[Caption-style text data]

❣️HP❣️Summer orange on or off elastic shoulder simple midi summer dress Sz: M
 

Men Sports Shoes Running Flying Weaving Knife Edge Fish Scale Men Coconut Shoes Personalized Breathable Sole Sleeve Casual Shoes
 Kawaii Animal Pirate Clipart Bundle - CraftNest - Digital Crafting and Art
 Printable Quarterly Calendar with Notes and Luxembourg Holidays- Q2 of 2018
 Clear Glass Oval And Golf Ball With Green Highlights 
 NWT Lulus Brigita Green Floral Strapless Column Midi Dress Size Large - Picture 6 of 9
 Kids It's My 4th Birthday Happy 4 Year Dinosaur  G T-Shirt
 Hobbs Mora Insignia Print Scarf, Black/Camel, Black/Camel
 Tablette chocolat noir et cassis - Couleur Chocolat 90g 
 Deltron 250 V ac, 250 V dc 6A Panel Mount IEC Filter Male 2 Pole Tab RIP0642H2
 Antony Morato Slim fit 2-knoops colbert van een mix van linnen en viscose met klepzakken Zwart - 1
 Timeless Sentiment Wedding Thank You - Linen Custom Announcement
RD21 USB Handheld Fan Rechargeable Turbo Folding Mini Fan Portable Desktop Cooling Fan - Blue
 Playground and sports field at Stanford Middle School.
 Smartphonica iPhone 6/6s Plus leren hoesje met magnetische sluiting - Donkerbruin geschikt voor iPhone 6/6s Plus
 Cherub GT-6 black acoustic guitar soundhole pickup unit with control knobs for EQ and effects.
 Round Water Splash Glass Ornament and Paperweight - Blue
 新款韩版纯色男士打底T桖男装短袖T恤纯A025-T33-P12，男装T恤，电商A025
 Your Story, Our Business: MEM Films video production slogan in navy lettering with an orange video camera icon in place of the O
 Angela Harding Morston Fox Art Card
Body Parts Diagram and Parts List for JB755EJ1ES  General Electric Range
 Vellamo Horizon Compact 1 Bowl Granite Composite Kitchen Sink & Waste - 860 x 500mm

- _PROBLEM TO WORK ON_
Can you quote exactly the lines from the one containing "Your Story, Our" through the last line of the records above, and nothing else?

- _ANSWER FOR THE TASK_
 Your Story, Our Business: MEM Films video production slogan in navy lettering with an orange video camera icon in place of the O
 Angela Harding Morston Fox Art Card
Body Parts Diagram and Parts List for JB755EJ1ES  General Electric Range
 Vellamo Horizon Compact 1 Bowl Granite Composite Kitchen Sink & Waste - 860 x 500mm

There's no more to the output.